Stay At Home Parents Protect Yourselves With A Postnup
Stay-at-home parents: Protect yourselves with a postnup
Getting married and starting a family are generally two of the most significant events that can bring a happy couple closer together. However, they can also be critical times to assess the state of a relationship and take a look at the big picture. It may seem quite unromantic to think about individual finances or property rights at times like these, but addressing these issues at a point when a couple is amicable can make things much easier in the long run.
For example, Passaic County couples who have children may decide that one spouse will give up a career in favor of staying home with the children. This could be an excellent opportunity for parents to sit down and discuss what the financial impact of this decision could mean for both their relationship and the financial stability of the stay-at-home parent. One way to address this would be to consider a postnuptial agreement.
Postnuptial agreements can be drawn up after a couple is married and they can achieve many of the same goals that a prenuptial agreement does. A postnup can specify individual property rights in addition to any allowances for spousal support, which can be crucial for a spouse who is not working outside the home. Couples who are starting a family are likely not even considering that they could end up getting a divorce. But the fact is that a spouse who gives up a career can be very vulnerable financially if they do ultimately end a marriage.
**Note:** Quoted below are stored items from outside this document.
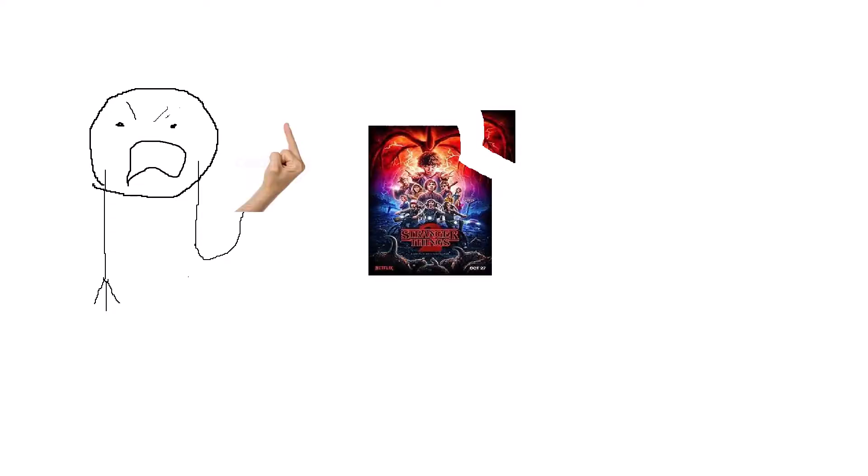I'm a little bit pissed off, because I just spent 15 bucks on this, and now it's ripped.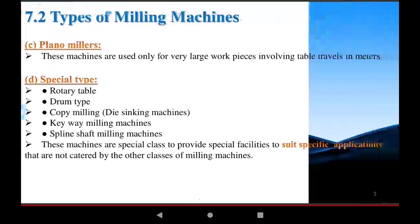Continuing the classification of milling machines from the last lecture: the plano miller machines are used only for very large workpieces involving table travel. In plano miller machines, the operation is performed on very large workpieces using multi-point cutting tools, and the work is placed on and moves with the table.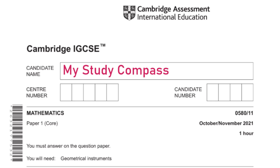Hi guys! Welcome to my SteadyCompass. In this video, I'll be walking you through the past paper Math P1, Variant 1, October-November 2021. Let's get started.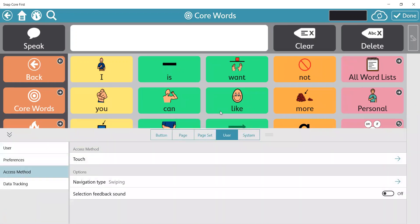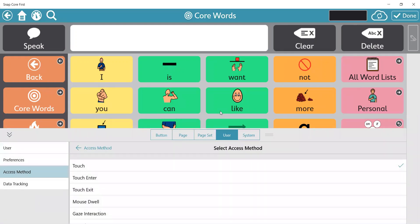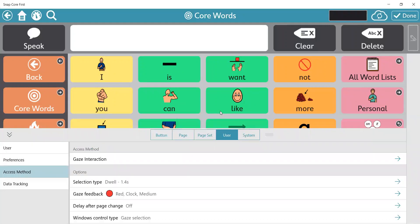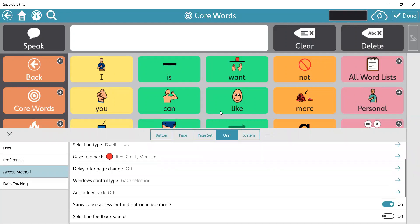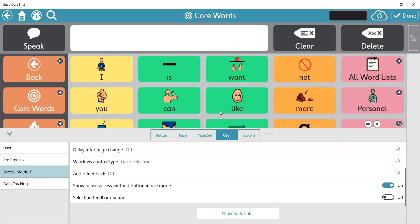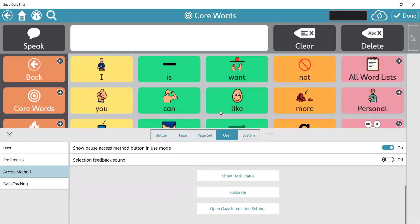Right now it is set to touch, and what I want it to be is eye gaze, so I'm going to click there, click on gaze interaction, go back, and this is where I can find my dwell time, my gaze feedback, any other settings I might need, as well as show my track status, calibrate, and open gaze interaction settings.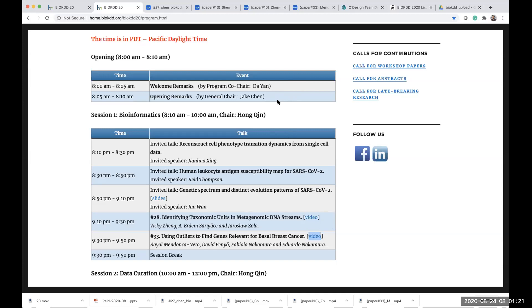Good morning, everyone. My name is Dayan, the program co-chair of BioKDD 2020. It's my great pleasure to welcome you to the BioKDD 2020 workshop. Today we have four sessions, each with five to six talks of 15 minutes each, with seven invited talks and 22 talks in total. You should have received the attendees checklist file that contains a link to our workshop program. You can also find the program link in our chat room.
A person who chooses to stay home and raise the children is often doing so at a time when he or she is at their highest earning potential and may be giving up numerous opportunities, which could make returning to work later even more difficult. The financial toll this can take on a person cannot be overstated.
But having a postnup in place can give a stay-at-home parent the peace of mind knowing that he or she will be financially supported in the event of a divorce, and discussing these matters with an attorney can give each spouse the opportunity to negotiate terms that are fair and agreeable. Hopefully, a couple will never need to refer to these agreements, but if they do, it is likely that they will be glad to have worked the issues out in advance.